If you incorporate somewhere else, like Wyoming, and later convert to a Delaware C-Corp (which you’ll likely need to do), it can take much longer and cost more.
The annual Delaware franchise tax is small - usually under $1,000 for early-stage startups. So yes, Delaware remains the best choice for 99% of tech startups.
Should I incorporate as a C-Corp or an LLC?
Let’s talk about structure.
Some founders prefer LLCs, but investors always ask for Delaware C-Corps. You can’t realistically raise venture capital as an LLC.
An LLC is a pass-through entity for taxes if you don’t do an election. VC funds don’t want to deal with that, because it can trigger unrelated business taxable income for their LPs and create complex multi-jurisdictional filings.
It’s also hard to grant stock options in an LLC. With a C-Corp, you can easily issue common stock to founders and your team (whether directly or via stock options), and preferred stock to investors.
VCs expect a C-Corp structure, and they need it for tax benefits like QSBS (Qualified Small Business Stock). So unless you’re running a small consulting business, you should be a Delaware C-Corp from the start.
Don’t try to be creative with legal structure. Be “vanilla.” You want to innovate with your product, not with your incorporation.
How do I Split Equity with my co-Founders?
When you incorporate, you file a Certificate of Incorporation with Delaware. That document lists your authorized common stock - usually between 10 and 11 million shares.
Authorized shares are not the same as issued shares; they’re the maximum the company can issue. At incorporation, typically 80% goes to founders and 20% is reserved for the stock option pool (for employees, advisors, and future hires) and/or a buffer.
The par value is extremely small - usually around $0.0001 or $0.00001 per share - so founders pay a few dollars total for their shares.
So founders buy their shares cheaply at par value. You want to keep the fair market value low to make future grants affordable for your advisors and employees.
What is “Vesting” and do I need one?
Vesting means you earn your shares over time. If you leave the company early, you don’t get to keep everything.
As a founder, you receive all your shares at incorporation, but when you leave the company, the vested shares can be kept (even though there is usually a negotiation with the company for a repurchase at FMV) and the unvested shares are repurchased and cancelled by the company.
The standard vesting schedule for startups is 4 years with a 1-year cliff , vesting monthly thereafter.
So if you leave before one year, you get nothing.
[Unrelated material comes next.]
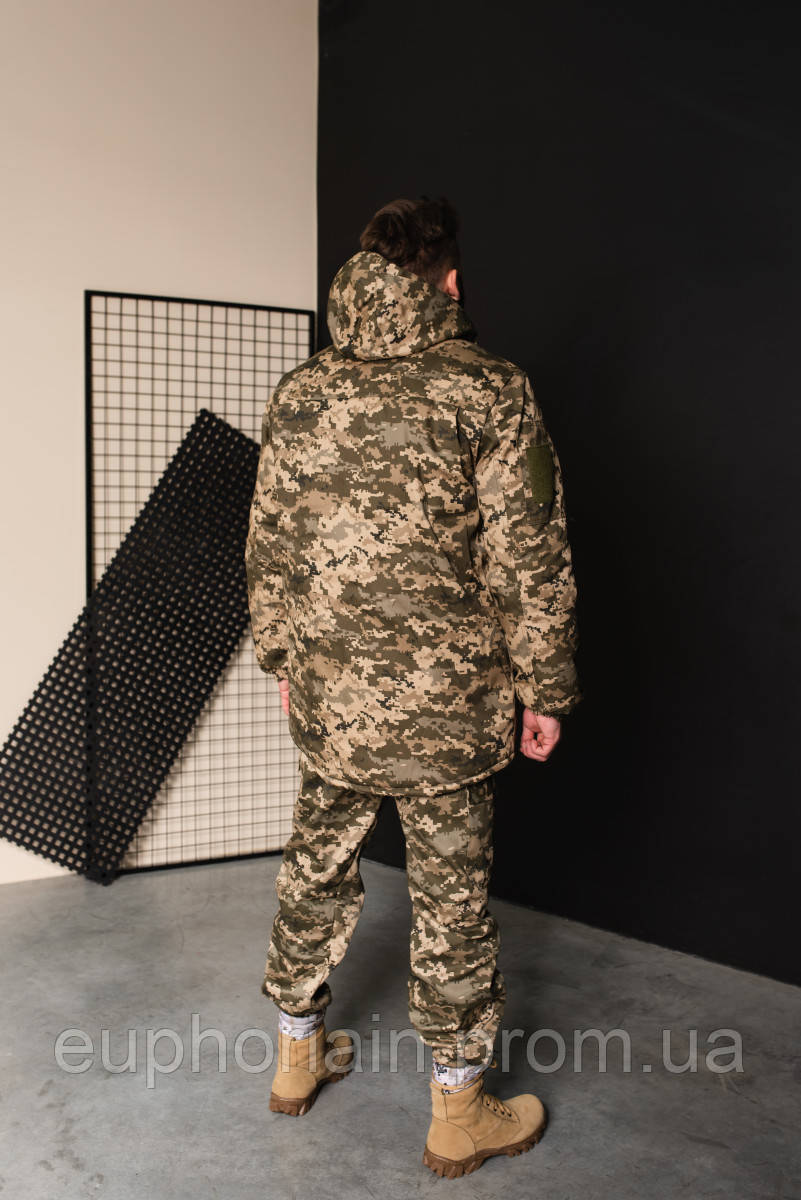 Куртка-бушлат военная мужская тактическая ВСУ (ЗСУ) Пиксель 8726 46 размер Отличное качество - фото 10 - id-p2078570726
After one year, you start vesting monthly until year four. It protects everyone: founders, investors, and the company.
Vesting is basically the “divorce clause” between co-founders. Without vesting, if your co-founder leaves after two months, they could still own 50% of the company - a disaster for future fundraising.
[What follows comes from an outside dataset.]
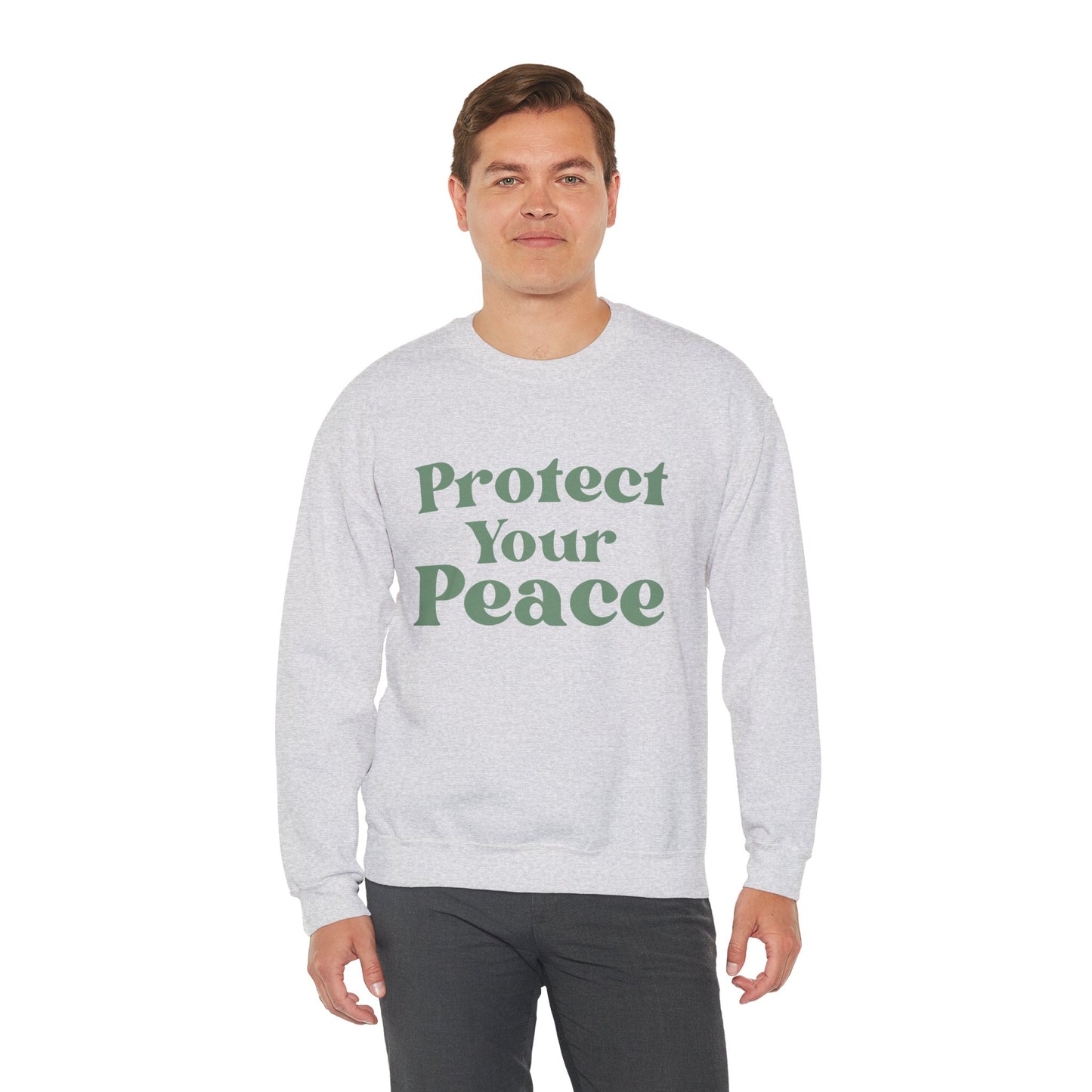 Protect Your Peace Sweatshirt — Cozy Crewneck for Self-Care & Mindfulness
So yes, you absolutely need a vesting clause.
By the way, the standard vesting is 4 years, but there's a trend for requests of longer vesting (6 to 10 years) due to the fact that exits take much longer to happen today than in the past.
While it makes sense in theory, it doesn't do much in reality because your vesting will likely reset at some point within the first 4 years.
Wait, what do you mean “my vesting will reset”?!
Often at the first priced round, investors will “reset” founder vesting for another four years starting from the closing date.
It can feel frustrating for founders, but it's a normal part of the process. It’s a way to ensure founders stay committed after fundraising. Sometimes only part of the equity resets, depending on negotiations.
What about the acceleration clause?
The “acceleration clause” allows your vesting to accelerate in certain situations, usually a change of control (for example the company is acquir ed).
- Single trigger: All shares vest upon change of control
- Double trigger: Shares vest upon change of control and you are terminated within a certain period of time before or afterward.
It’s a protection mechanism, especially during acquisitions when teams are often restructured.
That way, you are sure to get all your shares if your company gets sold earlier than expected and you get fired. Double trigger is most common than single trigger.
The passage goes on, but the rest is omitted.